Although the book is written by statisticians, the very first real data example is CMBdata (cosmic microwave background data; instead of cosmic, the book used cosmological. I’m not sure which one is correct but I’m so used to CMB by cosmic microwave background). Surprisingly, CMB became a very easy topic in statistics in terms of testing normality and extreme values. Seeing the real astronomy data first from the book was the primary reason of introducing this book. Also, it’s a relatively small volume book (about 250 pages) compared other Bayesian textbooks with the broad coverage of topics in Bayesian computation. There are other practical real data sets to illustrate Bayesian computations in the book and these example data sets are found from the book website

The book begins with R, then normal models, regression and variable selection, generalized linear models, capture-recapture experiments, mixture models, dynamic models, and image analysis are covered.

I feel exuberant when I found the book describes the law of large numbers (LLN) that justifies the Monte Carlo methods. The LLN appears often when integration is approximated by summation, which astronomers use a lot without referring the name of this law. For more information, I rather give a wikipedia link to Law of Large Numbers.

Several MCMC algorithms can be mixed together within a single algorithm using either a circular or a random design. While this construction is often suboptimal (in that the inefficient algorithms in the mixture are still used on a regular basis), it almost always brings an improvement compared with its individual components. A special case where a mixed scenario is used is the Metropolis-within-Gibbs algorithm: When building a Gibbs sample, it may happen that it is difficult or impossible to simulate from some of the conditional distributions. In that case, a single Metropolis step associated with this conditional distribution (as its target) can be used instead.

Description in Sec. 4.2 Metropolis-Hasting Algorithms is expected to be more appreciated and comprehended by astronomers because of the historical origins of these topics, detailed balance equation and random walk.

Personal favorite is section 6 on mixture models. Astronomers handle data of multi populations (multiple epochs of star formations, single or multiple break power laws, linear or quadratic models, metalicities from merging or formation triggers, backgrounds+sources, environment dependent point spread functions, and so on) and discusses the difficulties of label switching problems (identifiability issue in codifying data into MCMC or EM algorithm)
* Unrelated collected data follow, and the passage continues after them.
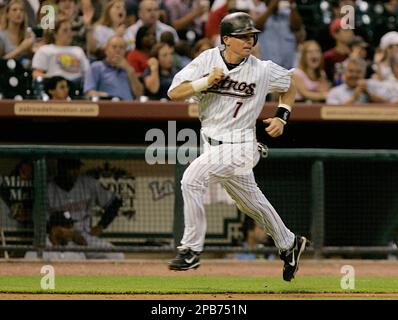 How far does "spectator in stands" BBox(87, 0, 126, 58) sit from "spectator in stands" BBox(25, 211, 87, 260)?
2007mm

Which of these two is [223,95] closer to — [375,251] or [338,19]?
[375,251]

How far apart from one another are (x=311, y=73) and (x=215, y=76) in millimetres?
4485

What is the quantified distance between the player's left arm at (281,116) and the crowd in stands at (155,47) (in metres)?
3.28

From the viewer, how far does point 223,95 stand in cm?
723

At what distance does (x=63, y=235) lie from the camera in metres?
10.1

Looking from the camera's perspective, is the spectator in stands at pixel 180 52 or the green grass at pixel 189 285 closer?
the green grass at pixel 189 285

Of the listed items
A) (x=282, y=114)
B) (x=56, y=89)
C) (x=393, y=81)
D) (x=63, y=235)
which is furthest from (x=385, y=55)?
(x=282, y=114)

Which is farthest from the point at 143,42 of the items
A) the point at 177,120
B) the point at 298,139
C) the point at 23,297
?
the point at 23,297

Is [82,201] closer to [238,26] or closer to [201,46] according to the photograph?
[201,46]

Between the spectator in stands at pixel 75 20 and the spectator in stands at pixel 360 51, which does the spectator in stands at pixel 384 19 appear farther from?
the spectator in stands at pixel 75 20

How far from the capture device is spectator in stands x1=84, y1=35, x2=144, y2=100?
1055 centimetres

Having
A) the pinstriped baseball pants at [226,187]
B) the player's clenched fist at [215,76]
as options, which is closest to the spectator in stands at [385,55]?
the pinstriped baseball pants at [226,187]

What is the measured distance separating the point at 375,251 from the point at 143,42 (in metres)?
3.34

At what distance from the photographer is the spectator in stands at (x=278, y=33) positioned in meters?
11.9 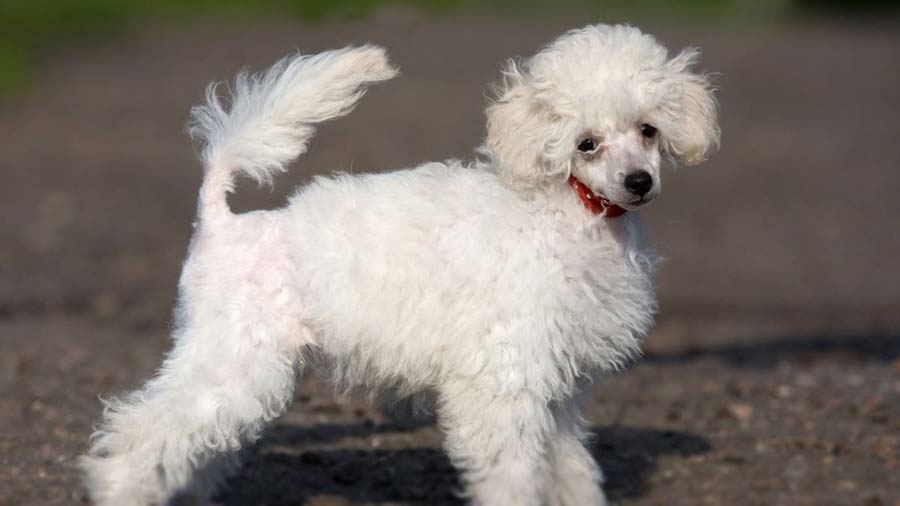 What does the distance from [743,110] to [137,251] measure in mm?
11402

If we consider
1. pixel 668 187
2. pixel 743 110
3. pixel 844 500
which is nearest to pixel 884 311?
pixel 668 187

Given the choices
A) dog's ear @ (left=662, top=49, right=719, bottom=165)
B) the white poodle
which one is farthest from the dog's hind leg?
dog's ear @ (left=662, top=49, right=719, bottom=165)

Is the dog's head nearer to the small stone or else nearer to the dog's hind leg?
the dog's hind leg

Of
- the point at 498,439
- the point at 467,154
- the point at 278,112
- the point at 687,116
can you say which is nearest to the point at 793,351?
the point at 687,116

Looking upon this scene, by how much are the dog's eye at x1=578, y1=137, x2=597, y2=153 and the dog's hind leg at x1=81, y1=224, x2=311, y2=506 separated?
1.30 m

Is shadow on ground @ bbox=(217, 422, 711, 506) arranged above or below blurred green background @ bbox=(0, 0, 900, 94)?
below

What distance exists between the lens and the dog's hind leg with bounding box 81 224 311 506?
6066mm

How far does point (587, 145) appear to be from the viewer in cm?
620

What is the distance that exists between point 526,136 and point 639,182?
0.53m

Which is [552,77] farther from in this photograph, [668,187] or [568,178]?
[668,187]

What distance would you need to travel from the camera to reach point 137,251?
1500cm

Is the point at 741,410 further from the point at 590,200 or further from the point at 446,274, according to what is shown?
the point at 446,274

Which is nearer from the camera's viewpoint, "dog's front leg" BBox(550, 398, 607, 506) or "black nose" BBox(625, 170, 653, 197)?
"black nose" BBox(625, 170, 653, 197)

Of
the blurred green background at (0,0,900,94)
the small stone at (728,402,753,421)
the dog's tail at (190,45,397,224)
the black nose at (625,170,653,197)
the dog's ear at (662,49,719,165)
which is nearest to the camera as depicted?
the black nose at (625,170,653,197) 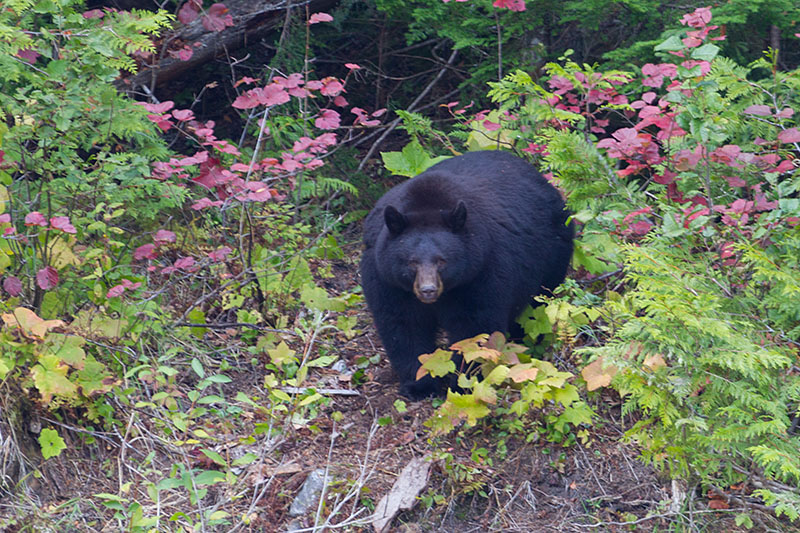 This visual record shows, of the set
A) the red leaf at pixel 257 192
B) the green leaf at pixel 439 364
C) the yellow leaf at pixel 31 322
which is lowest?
the green leaf at pixel 439 364

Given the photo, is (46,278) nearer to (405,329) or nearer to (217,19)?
(405,329)

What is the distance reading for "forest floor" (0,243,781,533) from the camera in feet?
13.1

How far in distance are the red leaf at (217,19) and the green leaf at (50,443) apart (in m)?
3.02

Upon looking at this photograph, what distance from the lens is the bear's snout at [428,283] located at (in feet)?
15.9

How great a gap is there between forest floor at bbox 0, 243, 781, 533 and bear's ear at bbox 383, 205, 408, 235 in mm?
1107

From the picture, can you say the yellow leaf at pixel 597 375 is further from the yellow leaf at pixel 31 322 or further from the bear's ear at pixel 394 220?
the yellow leaf at pixel 31 322

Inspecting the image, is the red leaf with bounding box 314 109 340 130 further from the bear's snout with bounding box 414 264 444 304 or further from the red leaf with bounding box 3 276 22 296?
the red leaf with bounding box 3 276 22 296

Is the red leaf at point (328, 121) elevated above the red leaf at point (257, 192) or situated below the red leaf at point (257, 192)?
above

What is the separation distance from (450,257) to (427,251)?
136 millimetres

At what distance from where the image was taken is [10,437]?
3969 millimetres

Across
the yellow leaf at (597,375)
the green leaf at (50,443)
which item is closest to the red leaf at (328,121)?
the yellow leaf at (597,375)

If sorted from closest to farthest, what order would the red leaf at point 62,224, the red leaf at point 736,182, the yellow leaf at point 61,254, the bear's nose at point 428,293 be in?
the red leaf at point 736,182 → the red leaf at point 62,224 → the yellow leaf at point 61,254 → the bear's nose at point 428,293

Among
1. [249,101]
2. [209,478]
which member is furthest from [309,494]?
[249,101]

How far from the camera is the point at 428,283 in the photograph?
485 centimetres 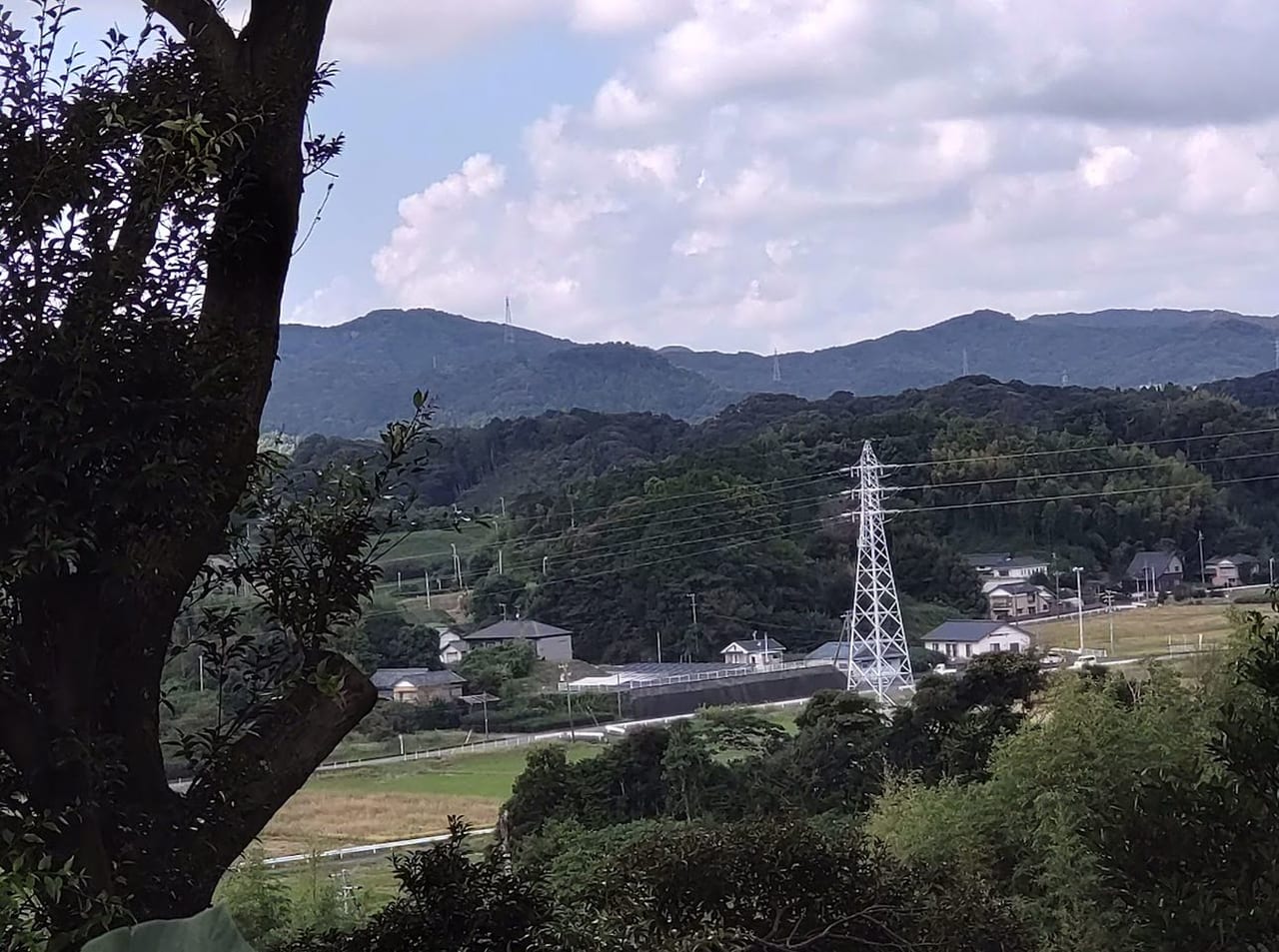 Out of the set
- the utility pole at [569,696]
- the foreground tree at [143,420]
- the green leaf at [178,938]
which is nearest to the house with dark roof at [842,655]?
the utility pole at [569,696]

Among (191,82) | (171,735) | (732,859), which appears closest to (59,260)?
(191,82)

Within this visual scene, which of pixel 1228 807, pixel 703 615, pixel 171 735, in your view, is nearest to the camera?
pixel 171 735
A completely different approach to the interpretation and estimation of mixtures is the semiparametric perspective. To summarize this approach, consider that since very few phenomena obey probability laws corresponding to the most standard distributions, mixtures such as \sum_{i=1}^k p_i f(x|\theta_i) (*) can be seen as a good trade-off between fair represntation of the phenomenon and efficient estimation of the underlying distribution. If k is large enough, there is theoretical support for the argument that (*) provides a good approximation (in some functional sense) to most distributions. Hence, a mixture distribution can be perceived as a type of basis approximation of unknown distributions, in a spirit similar to wavelets and splines, but with a more intuitive flavor (for a statistician at least). This chapter mostly focuses on the “parametric” case, when the partition of the sample into subsamples with different distributions f_j does make sense form the dataset point view (even though the computational processing is the same in both cases).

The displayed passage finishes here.